How to Check If an Online JSON Formatter Uploads Your Data

Developers paste API responses, JWTs, logs, and config files into online JSON tools every day. Before pasting sensitive data, take 30 seconds to check whether the tool sends your content to a remote server.

What not to paste into tools you have not verified

Before you know how a tool handles your data, be cautious with:

  • Production JWTs or access tokens
  • API responses containing user data or PII
  • Server logs with internal endpoints or IPs
  • Config files with cloud keys or database URLs
  • Webhook payloads with customer information

This is not about paranoia. In November 2025, security researchers discovered that popular online JSON tools had leaked over 80,000 code snippets — including AWS keys, GitHub tokens, and banking details — through unprotected server-side features. A quick DevTools check would have surfaced the risk.

How to verify with DevTools Network

  1. Open the tool in your browser.
  2. Open DevTools (F12) and switch to the Network tab.
  3. Clear existing requests so you start with a clean log.
  4. Paste a harmless test JSON first. Something small and fake. Check whether any new network request appears that contains your pasted content.
  5. Run the formatter, validator, or diff tool. Watch the Network tab for POST or PUT requests. Expand any suspicious request and check the payload tab.
  6. Only after the tool passes this check with test data should you consider using it with real payloads.

What to look for

POST or PUT requests after paste. If the tool sends your JSON in a POST body, it is processing server-side.

Request payloads containing your JSON. Open the request, check the Payload tab.

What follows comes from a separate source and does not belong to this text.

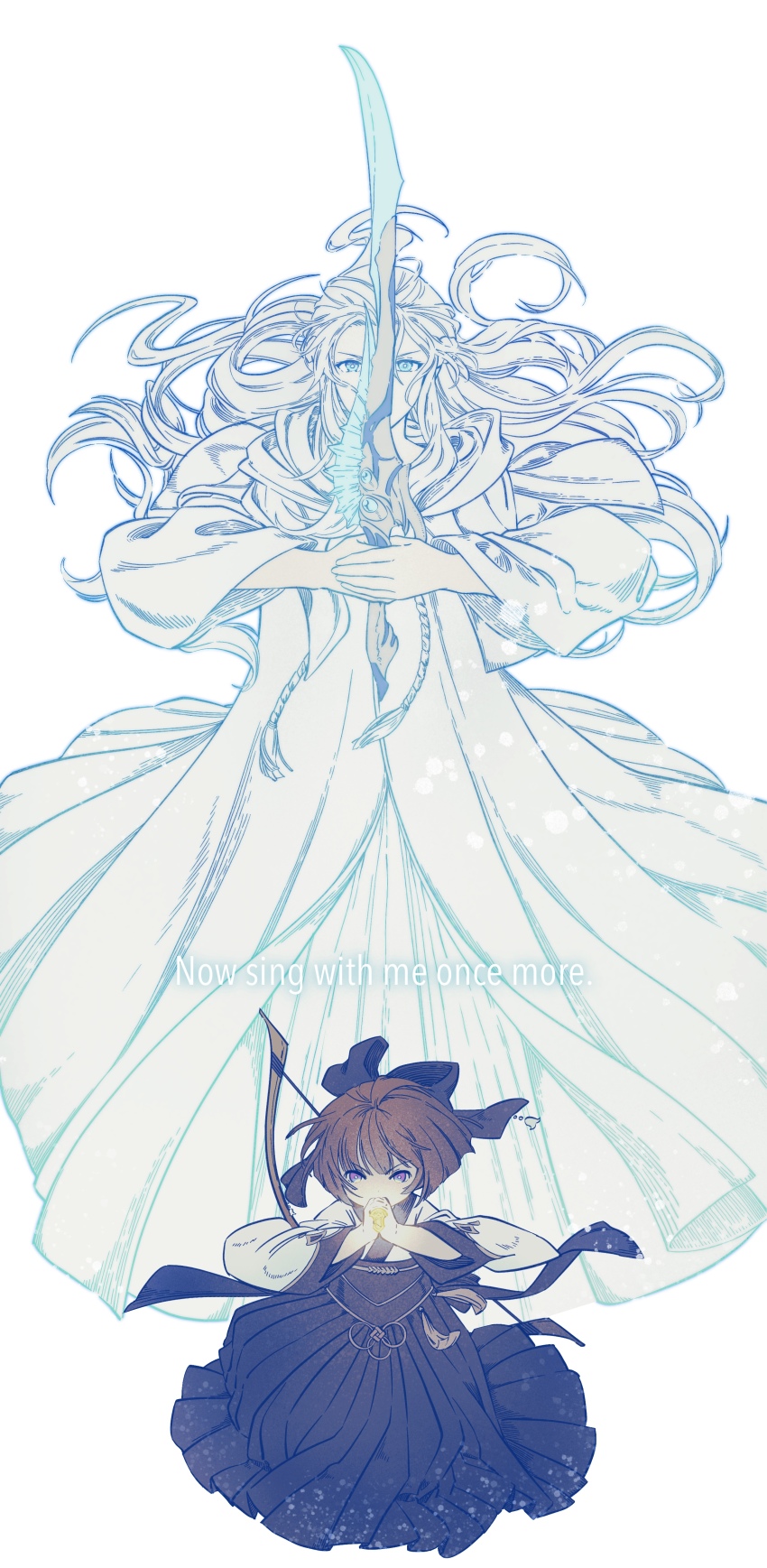 absurdres warrior_of_light_(ff14) bard_(final_fantasy) blue_eyes bow bow_(weapon) brown_hair crystal english_text fermium.ice final_fantasy final_fantasy_xiv hair_bow highres japanese_clothes kimono lalafell long_skirt looking_at_viewer purple_eyes robe short_hair simple_background skirt square_enix standing sword venat_(ff14) weapon white_hair white_robe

If your pasted data is there, it left your browser.

Share or save features. If a tool generates a shareable link or saves your snippet, your data is stored on a server.

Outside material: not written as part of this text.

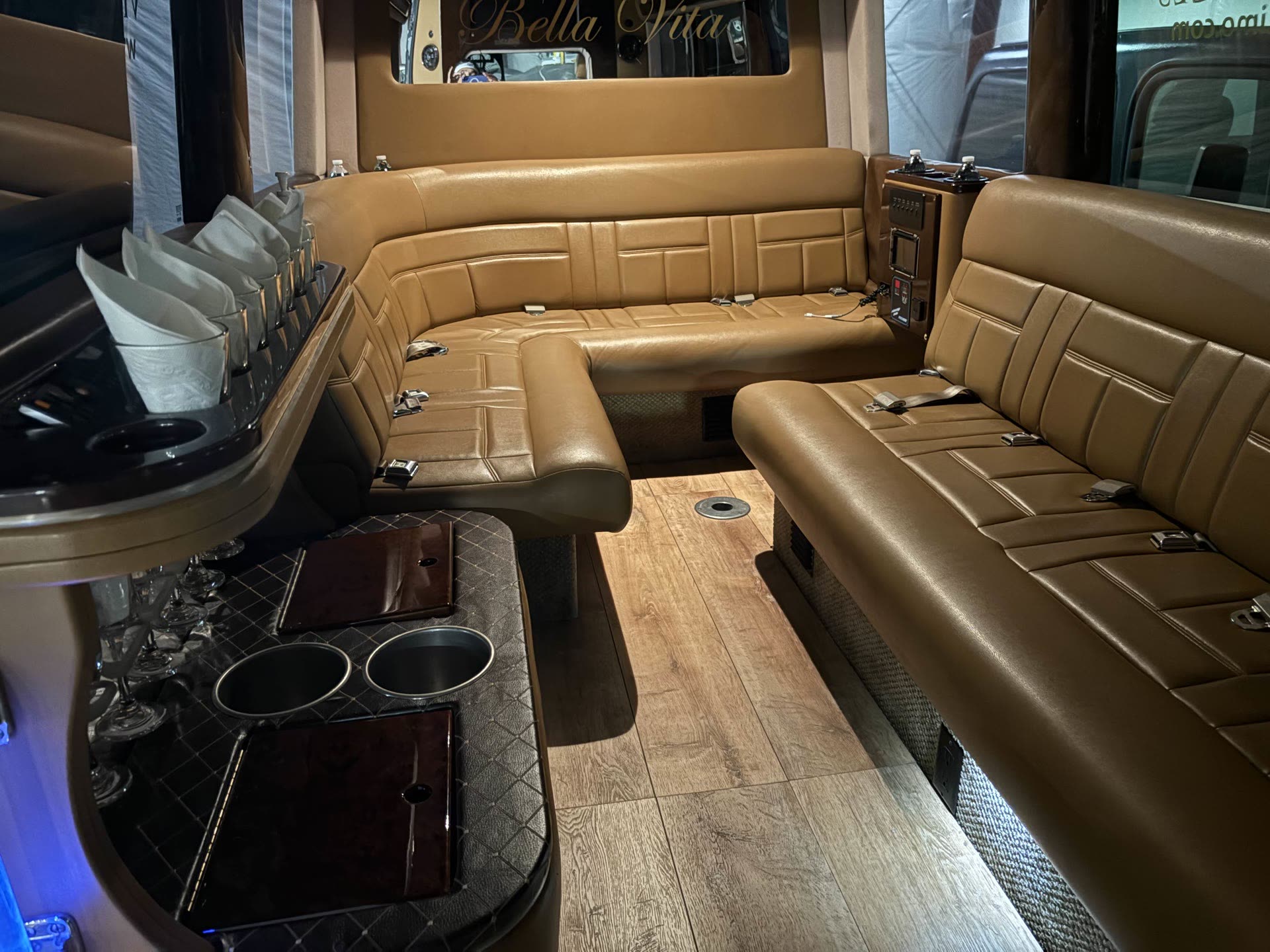 Comfortable quiet interior of a luxury vehicle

Analytics events that include pasted content. Some analytics implementations send page content alongside page metadata. Check whether analytics requests contain your JSON.

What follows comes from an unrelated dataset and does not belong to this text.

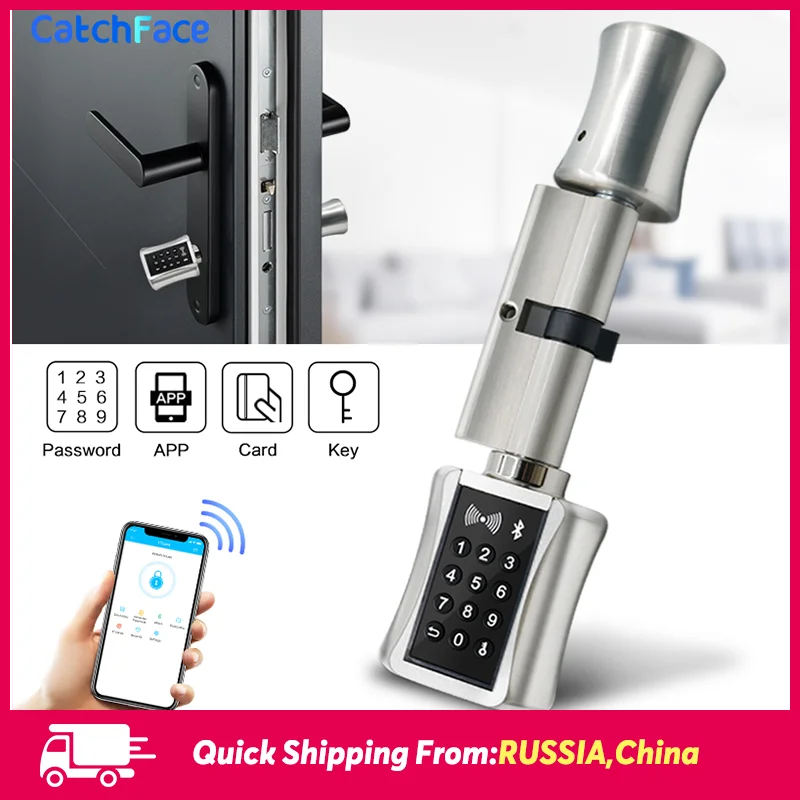 TTLock Bluetooh Remote Control Keyless Electronic APP Wifi Lock Digital Code RFID Card Cylinder Smart Door Lock Home Apartments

Extension background requests. Browser extensions can make background network requests unrelated to the page you are viewing. Check the Network tab after installing any extension that interacts with page content.

Browser extensions also need verification

JSON formatter extensions have the same access as the web tools they interact with — sometimes more. Check what permissions an extension requests, whether it loads remote code, and whether its source is auditable. How the SafeJSON extension works

How SafeJSON handles this

SafeJSON processes JSON in your browser. No pasted content is uploaded during formatting, validation, diff comparison, JWT decoding, JSONPath querying, or schema validation.

SafeJSON uses Google Analytics for aggregate product analytics — page views and non-sensitive events like checkout clicks. Pasted JSON, JWT tokens, schemas, query expressions, formatted output, license keys, and clipboard content are never sent to analytics.

You can verify all of this yourself. Step-by-step verification guide

FAQ

Are all online JSON formatters unsafe?
No. Some tools process JSON entirely in the browser. Others send your data to a remote server. Neither is inherently unsafe — but you should know which one you are using, especially when pasting sensitive data. The DevTools Network check tells you what category a tool falls into.
Is browser-local processing the same as zero network requests?
No. A website can load analytics, fonts, or page assets while still processing pasted JSON locally. The relevant question is: does the request contain your pasted content? Analytics requests that carry only page metadata are different from a POST that sends your JSON payload to a server.
Can analytics be present without uploading pasted JSON?
Yes. Many sites use analytics to measure page views and feature usage. The privacy-relevant distinction is whether the analytics payload includes pasted JSON, JWT tokens, schemas, query expressions, formatted output, license keys, or clipboard content. A site should be able to tell you what it sends to analytics and what it does not.
How can I verify SafeJSON myself?
Open safejson.dev, then open DevTools (F12) and go to the Network tab. Paste any JSON and run the formatter, diff, JWT decoder, JSONPath query, or Schema validator. Confirm that no request contains your pasted content. For a stronger test, switch the Network tab to Offline mode — the tools still work because all processing is local.